The task:
Give again the lines of the data from its first line through the line with "11 GCR G PL 0064 Палаццо 30x60 матовый". Change nothing.

*** Opening of Raw data ***

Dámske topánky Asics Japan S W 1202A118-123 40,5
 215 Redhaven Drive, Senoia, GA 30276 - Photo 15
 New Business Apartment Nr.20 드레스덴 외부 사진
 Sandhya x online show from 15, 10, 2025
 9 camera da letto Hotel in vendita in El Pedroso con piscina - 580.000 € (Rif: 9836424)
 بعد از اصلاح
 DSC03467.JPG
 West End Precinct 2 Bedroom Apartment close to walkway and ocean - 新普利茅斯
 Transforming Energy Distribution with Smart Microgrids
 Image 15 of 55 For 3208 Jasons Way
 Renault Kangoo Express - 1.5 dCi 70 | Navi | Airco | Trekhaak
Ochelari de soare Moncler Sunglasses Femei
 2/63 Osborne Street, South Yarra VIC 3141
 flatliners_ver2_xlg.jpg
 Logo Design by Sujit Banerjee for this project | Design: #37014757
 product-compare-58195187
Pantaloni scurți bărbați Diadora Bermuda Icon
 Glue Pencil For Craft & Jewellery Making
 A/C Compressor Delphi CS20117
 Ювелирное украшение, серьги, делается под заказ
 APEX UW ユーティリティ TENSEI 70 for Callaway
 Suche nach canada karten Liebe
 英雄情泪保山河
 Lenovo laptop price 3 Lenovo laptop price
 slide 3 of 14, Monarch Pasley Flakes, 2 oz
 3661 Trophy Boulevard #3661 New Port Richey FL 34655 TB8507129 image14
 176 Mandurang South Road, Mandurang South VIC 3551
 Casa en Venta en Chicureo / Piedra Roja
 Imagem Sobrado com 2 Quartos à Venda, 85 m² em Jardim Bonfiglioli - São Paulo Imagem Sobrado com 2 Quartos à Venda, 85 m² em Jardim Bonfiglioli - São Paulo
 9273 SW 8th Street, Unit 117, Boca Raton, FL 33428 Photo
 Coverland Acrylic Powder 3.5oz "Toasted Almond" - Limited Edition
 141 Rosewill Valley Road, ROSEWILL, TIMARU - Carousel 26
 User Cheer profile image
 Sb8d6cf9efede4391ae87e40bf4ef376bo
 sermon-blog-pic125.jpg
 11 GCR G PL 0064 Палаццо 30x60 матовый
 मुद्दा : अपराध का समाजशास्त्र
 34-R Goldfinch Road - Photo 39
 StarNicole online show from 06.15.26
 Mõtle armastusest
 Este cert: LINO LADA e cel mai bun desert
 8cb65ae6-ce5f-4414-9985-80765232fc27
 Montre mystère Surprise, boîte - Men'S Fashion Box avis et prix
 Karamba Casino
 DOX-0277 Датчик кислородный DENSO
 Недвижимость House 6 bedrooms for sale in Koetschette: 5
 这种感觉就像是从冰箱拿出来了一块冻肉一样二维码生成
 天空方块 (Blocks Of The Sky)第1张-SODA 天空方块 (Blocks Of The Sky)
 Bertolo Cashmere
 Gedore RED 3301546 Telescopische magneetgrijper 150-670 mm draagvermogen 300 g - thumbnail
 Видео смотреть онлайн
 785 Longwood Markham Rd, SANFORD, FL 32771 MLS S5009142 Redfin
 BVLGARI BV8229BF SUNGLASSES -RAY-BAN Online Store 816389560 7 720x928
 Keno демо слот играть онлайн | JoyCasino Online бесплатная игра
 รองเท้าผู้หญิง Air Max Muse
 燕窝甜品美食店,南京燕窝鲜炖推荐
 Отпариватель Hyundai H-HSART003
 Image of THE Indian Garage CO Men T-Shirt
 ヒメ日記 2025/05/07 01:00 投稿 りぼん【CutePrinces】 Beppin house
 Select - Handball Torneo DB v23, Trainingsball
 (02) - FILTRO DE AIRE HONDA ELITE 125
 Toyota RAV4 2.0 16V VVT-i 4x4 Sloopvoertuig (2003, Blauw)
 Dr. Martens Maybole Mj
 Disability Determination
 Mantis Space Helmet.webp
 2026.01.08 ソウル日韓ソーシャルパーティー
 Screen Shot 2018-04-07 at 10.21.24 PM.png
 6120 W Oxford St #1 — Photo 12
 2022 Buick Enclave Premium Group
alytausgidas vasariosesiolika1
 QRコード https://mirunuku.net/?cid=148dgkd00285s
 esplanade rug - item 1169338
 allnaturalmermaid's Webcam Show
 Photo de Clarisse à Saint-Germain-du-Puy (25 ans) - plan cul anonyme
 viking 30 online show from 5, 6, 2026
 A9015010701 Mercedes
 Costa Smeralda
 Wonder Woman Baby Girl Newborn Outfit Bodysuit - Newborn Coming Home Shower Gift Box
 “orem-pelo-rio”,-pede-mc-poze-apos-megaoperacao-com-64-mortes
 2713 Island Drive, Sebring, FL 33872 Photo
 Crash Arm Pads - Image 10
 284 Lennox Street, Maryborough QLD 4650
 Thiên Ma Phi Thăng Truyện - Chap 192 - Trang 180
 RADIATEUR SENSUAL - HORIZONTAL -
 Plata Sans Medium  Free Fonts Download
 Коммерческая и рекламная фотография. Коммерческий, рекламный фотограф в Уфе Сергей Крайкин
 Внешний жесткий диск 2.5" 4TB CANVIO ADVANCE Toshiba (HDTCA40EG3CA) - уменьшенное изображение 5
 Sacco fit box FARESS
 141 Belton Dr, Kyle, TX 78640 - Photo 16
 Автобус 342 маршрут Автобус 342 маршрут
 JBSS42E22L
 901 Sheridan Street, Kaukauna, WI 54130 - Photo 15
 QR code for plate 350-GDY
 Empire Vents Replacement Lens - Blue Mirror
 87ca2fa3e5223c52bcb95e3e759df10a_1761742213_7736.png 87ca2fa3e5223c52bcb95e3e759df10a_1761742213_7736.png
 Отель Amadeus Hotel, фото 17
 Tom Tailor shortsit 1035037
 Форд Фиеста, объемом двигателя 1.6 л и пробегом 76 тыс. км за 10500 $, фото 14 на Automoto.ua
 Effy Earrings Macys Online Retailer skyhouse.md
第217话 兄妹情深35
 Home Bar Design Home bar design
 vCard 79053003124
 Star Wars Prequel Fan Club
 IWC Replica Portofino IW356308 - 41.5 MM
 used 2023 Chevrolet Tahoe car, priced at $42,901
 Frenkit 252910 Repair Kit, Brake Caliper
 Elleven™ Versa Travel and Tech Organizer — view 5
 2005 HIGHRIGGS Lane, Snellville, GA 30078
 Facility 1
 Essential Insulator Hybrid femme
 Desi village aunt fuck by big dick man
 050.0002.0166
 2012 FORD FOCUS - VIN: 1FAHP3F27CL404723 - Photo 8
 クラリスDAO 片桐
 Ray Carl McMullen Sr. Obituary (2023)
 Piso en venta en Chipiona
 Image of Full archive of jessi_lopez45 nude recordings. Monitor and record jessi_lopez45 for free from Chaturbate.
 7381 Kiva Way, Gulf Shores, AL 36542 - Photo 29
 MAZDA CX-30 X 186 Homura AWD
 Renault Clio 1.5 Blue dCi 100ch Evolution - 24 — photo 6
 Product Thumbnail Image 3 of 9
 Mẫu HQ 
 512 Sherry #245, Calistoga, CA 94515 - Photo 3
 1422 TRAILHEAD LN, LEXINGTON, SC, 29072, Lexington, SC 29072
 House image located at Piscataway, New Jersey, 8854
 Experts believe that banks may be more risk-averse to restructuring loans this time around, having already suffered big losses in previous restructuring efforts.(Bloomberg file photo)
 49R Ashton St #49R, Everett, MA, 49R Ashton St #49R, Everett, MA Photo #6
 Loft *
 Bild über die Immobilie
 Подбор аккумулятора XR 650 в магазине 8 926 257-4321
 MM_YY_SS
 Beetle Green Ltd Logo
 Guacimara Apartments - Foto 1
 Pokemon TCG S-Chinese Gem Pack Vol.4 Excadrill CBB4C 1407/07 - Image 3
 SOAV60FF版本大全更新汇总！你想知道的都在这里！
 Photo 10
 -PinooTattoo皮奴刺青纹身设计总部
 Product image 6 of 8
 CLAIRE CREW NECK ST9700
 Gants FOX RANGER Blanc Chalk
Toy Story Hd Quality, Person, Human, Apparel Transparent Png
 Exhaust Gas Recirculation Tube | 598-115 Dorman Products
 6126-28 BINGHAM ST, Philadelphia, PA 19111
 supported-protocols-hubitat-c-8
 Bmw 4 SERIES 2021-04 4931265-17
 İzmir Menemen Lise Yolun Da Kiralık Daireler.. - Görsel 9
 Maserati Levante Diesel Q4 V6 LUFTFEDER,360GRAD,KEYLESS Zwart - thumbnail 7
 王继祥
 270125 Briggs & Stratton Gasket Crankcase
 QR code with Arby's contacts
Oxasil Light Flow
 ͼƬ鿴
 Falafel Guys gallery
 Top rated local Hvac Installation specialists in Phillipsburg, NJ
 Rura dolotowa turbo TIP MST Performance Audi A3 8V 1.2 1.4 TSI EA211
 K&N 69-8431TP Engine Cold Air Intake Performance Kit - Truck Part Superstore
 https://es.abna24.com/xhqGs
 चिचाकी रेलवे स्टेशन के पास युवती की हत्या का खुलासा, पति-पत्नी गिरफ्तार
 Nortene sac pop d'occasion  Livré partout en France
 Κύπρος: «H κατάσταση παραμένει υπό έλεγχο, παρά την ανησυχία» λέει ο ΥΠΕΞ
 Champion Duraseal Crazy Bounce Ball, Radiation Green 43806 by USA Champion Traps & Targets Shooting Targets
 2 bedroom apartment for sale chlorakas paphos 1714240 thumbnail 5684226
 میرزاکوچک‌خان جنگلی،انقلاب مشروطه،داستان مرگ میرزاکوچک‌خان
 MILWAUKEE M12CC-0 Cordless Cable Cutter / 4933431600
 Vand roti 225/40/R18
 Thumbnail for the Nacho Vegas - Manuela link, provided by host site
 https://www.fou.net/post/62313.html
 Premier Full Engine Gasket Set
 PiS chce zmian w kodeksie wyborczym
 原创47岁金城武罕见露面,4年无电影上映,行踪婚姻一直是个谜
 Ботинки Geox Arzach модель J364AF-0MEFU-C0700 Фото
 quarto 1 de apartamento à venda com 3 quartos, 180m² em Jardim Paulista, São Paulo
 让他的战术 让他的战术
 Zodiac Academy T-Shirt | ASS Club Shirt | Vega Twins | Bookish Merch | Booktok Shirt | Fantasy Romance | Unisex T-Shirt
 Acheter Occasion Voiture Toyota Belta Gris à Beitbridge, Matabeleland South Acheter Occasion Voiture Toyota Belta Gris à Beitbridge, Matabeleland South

*** Close of Raw data ***

Answer to this task:
Dámske topánky Asics Japan S W 1202A118-123 40,5
 215 Redhaven Drive, Senoia, GA 30276 - Photo 15
 New Business Apartment Nr.20 드레스덴 외부 사진
 Sandhya x online show from 15, 10, 2025
 9 camera da letto Hotel in vendita in El Pedroso con piscina - 580.000 € (Rif: 9836424)
 بعد از اصلاح
 DSC03467.JPG
 West End Precinct 2 Bedroom Apartment close to walkway and ocean - 新普利茅斯
 Transforming Energy Distribution with Smart Microgrids
 Image 15 of 55 For 3208 Jasons Way
 Renault Kangoo Express - 1.5 dCi 70 | Navi | Airco | Trekhaak
Ochelari de soare Moncler Sunglasses Femei
 2/63 Osborne Street, South Yarra VIC 3141
 flatliners_ver2_xlg.jpg
 Logo Design by Sujit Banerjee for this project | Design: #37014757
 product-compare-58195187
Pantaloni scurți bărbați Diadora Bermuda Icon
 Glue Pencil For Craft & Jewellery Making
 A/C Compressor Delphi CS20117
 Ювелирное украшение, серьги, делается под заказ
 APEX UW ユーティリティ TENSEI 70 for Callaway
 Suche nach canada karten Liebe
 英雄情泪保山河
 Lenovo laptop price 3 Lenovo laptop price
 slide 3 of 14, Monarch Pasley Flakes, 2 oz
 3661 Trophy Boulevard #3661 New Port Richey FL 34655 TB8507129 image14
 176 Mandurang South Road, Mandurang South VIC 3551
 Casa en Venta en Chicureo / Piedra Roja
 Imagem Sobrado com 2 Quartos à Venda, 85 m² em Jardim Bonfiglioli - São Paulo Imagem Sobrado com 2 Quartos à Venda, 85 m² em Jardim Bonfiglioli - São Paulo
 9273 SW 8th Street, Unit 117, Boca Raton, FL 33428 Photo
 Coverland Acrylic Powder 3.5oz "Toasted Almond" - Limited Edition
 141 Rosewill Valley Road, ROSEWILL, TIMARU - Carousel 26
 User Cheer profile image
 Sb8d6cf9efede4391ae87e40bf4ef376bo
 sermon-blog-pic125.jpg
 11 GCR G PL 0064 Палаццо 30x60 матовый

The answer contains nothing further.